Why is adjusted R-squared less than R-squared if adjusted R-squared predicts the model better? As far as I understand, $R^2$ explains how well the model predicts the observation. Adjusted $R^2$ is the one that takes into account more observations (or degrees of freedom). So, Adjusted $R^2$ predicts the model better? Then why is this less than $R^2$? It appears it should often be more. 
 A: $R^2$ shows the linear relationship between the independent variables and the dependent variable.  It is defined as $1-\frac{SSE}{SSTO}$ which is the sum of squared errors divided by the total sum of squares.  $SSTO = SSE + SSR$ which are the total error and total sum of the regression squares.  As independent variables are added $SSR$ will continue to rise (and since $SSTO$ is fixed) $SSE$ will go down and $R^2$ will continually rise irrespective of how valuable the variables you added are.
The Adjusted $R^2$ is attempting to account for statistical shrinkage.  Models with tons of predictors tend to perform better in sample than when tested out of sample.  The adjusted $R^2$ "penalizes" you for adding the extra predictor variables that don't improve the existing model.  It can be helpful in model selection. Adjusted $R^2$ will equal $R^2$ for one predictor variable. As you add variables, it will be smaller than $R^2$.

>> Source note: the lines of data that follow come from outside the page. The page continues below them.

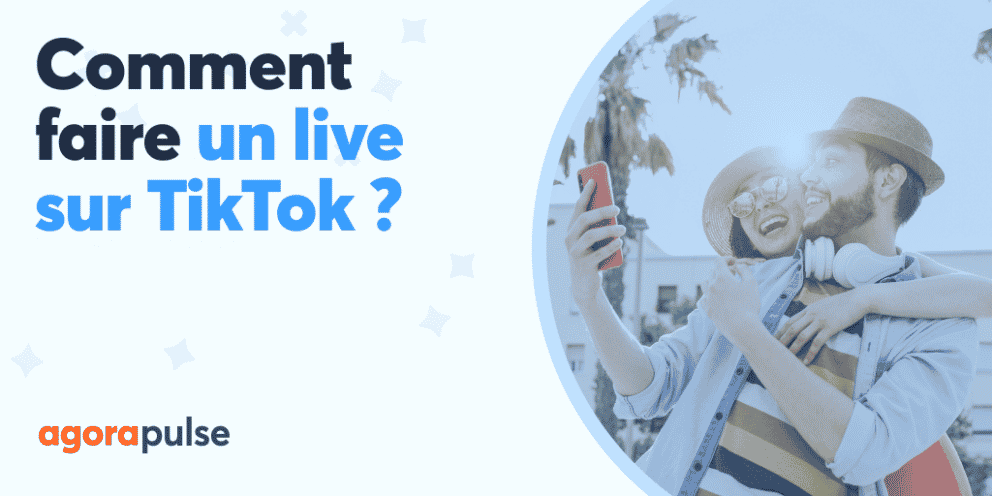 Comment faire un live sur TikTok (qui performe)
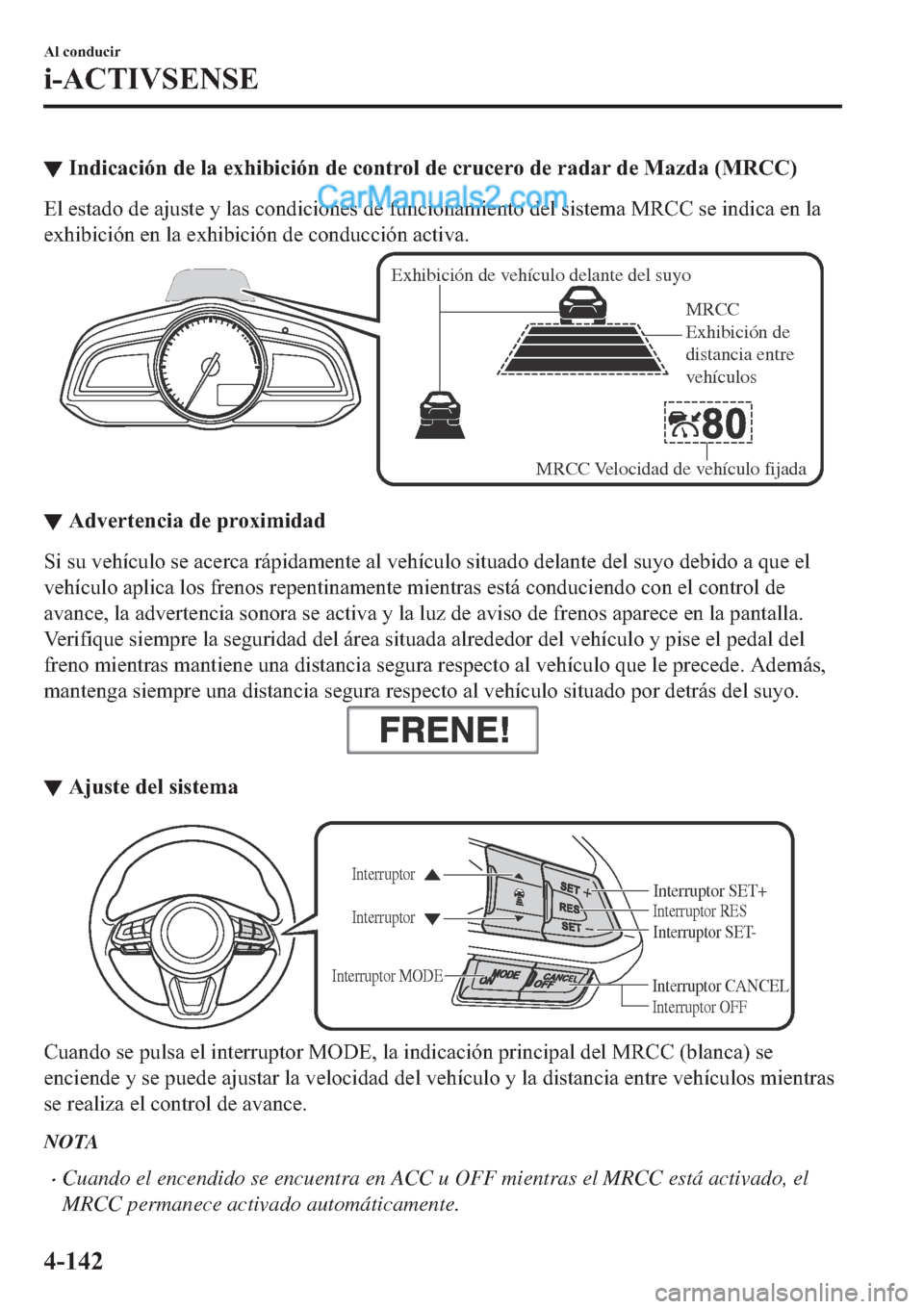 MAZDA MODEL 2 2019  Manual del propietario (in Spanish) ▼�,�Q�G�L�F�D�F�L�y�Q��G�H��O�D��H�[�K�L�E�L�F�L�y�Q��G�H��F�R�Q�W�U�R�O��G�H��F�U�X�F�H�U�R��G�H��U�D�G�D�U��G�H��0�D�]�G�D���0�5�&�&�
�(�O��H�V�W�D�G�R��G�H��D�M�X�V�W�H��\��O�D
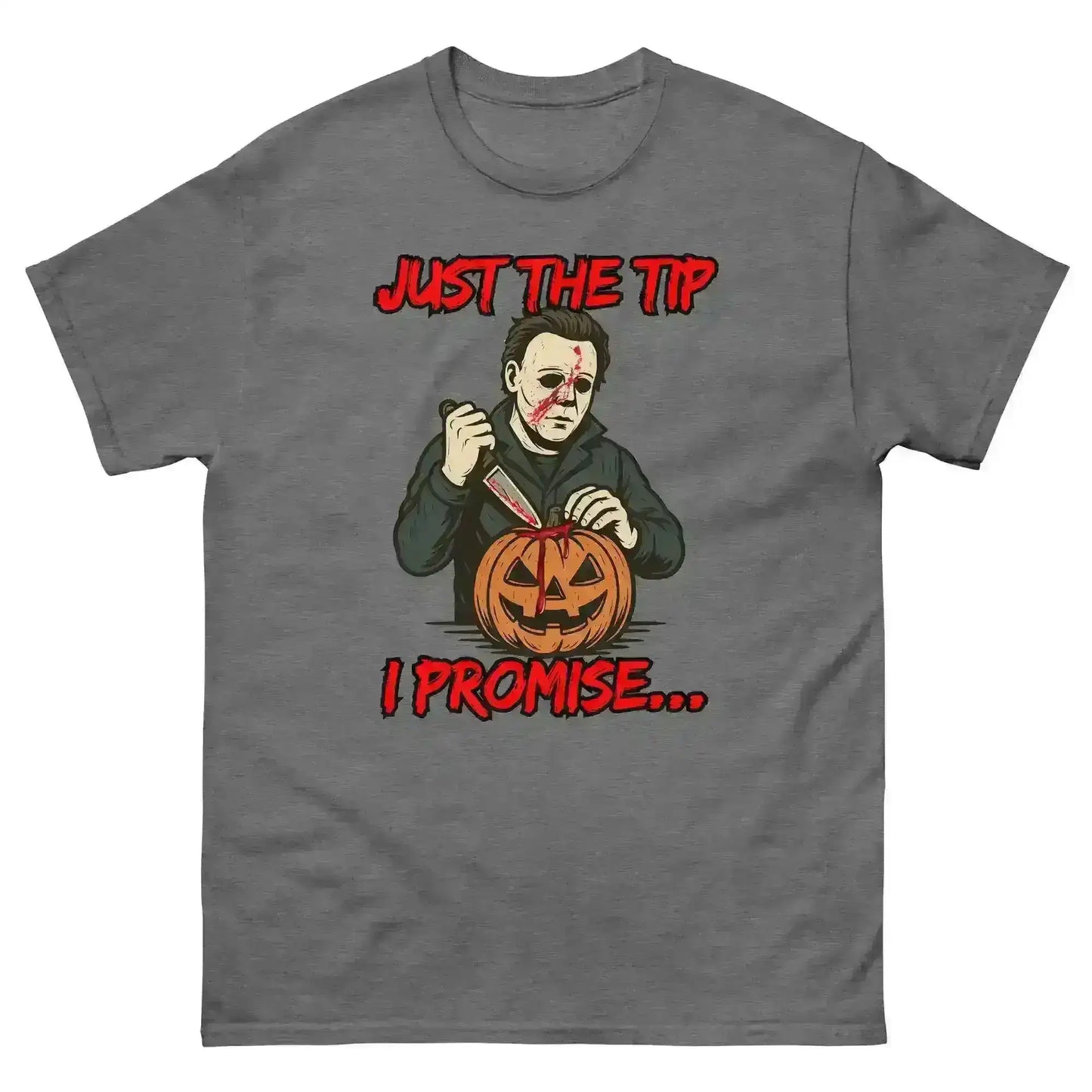 Just The Tip I Promise Unisex Tee - Dark Halloween Humor - Cady Creations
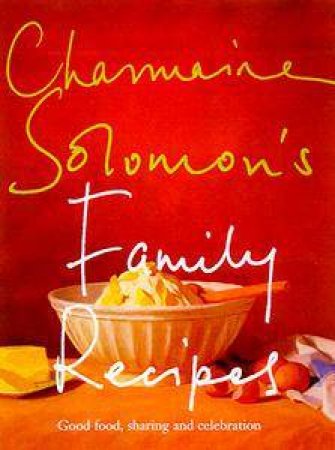 Charmaine Solomon's Family Recipes by Charmaine Solomon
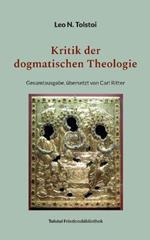 Kritik der dogmatischen Theologie: Gesamtausgabe, übersetzt von Carl Ritter
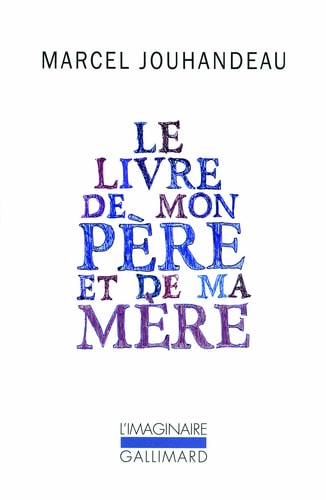 LE LIVRE DE MON PERE ET DE MA MERE, de Marcel Jouhandeau | portada del libro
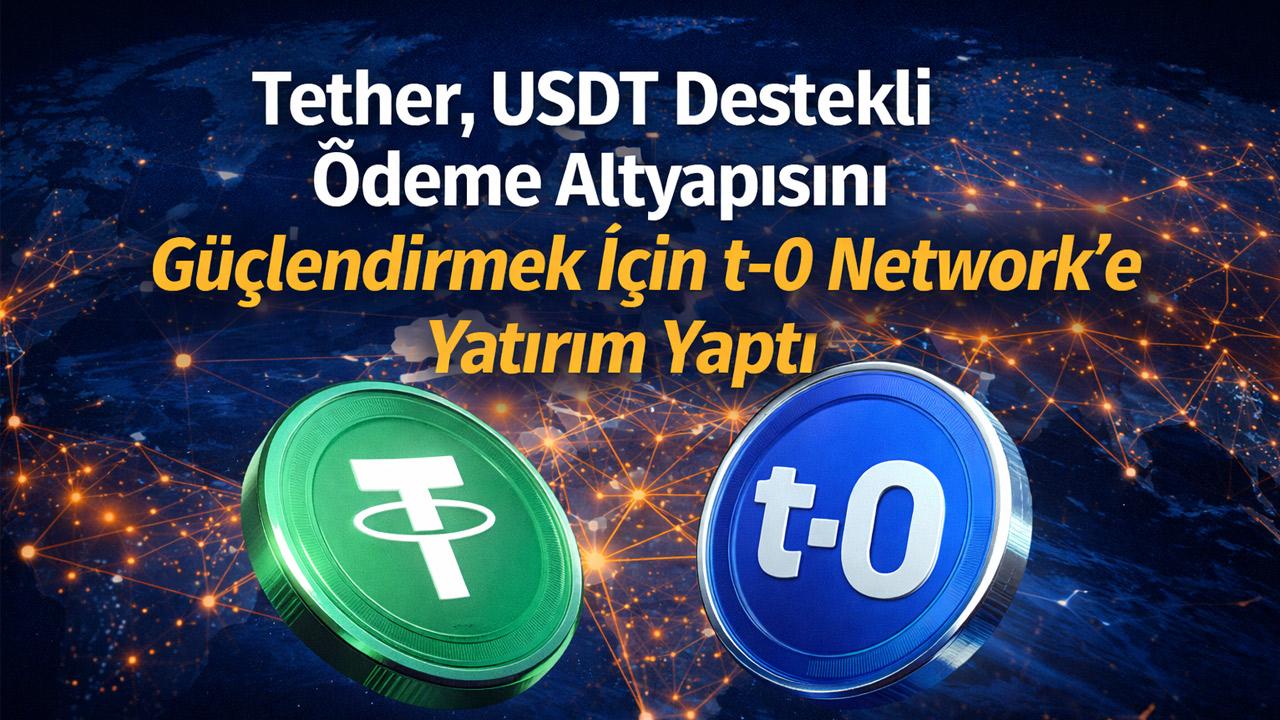 Tether, t-0 Network’e Yatırım Yaptı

A: R-Squared increases even when you add variables which are not related to the dependent variable, but adjusted R-Squared take care of that as it decreases whenever you add variables that are not related to the dependent variable, thus after taking care it is likely to decrease.
A: R^2 explains the proportion of the variation in your dependent variable (Y) explained by your independent variables (X) for a linear regression model.
While adjusted R^2 says the proportion of the variation in your dependent variable (Y) explained by more than 1 independent variables (X) for a linear regression model.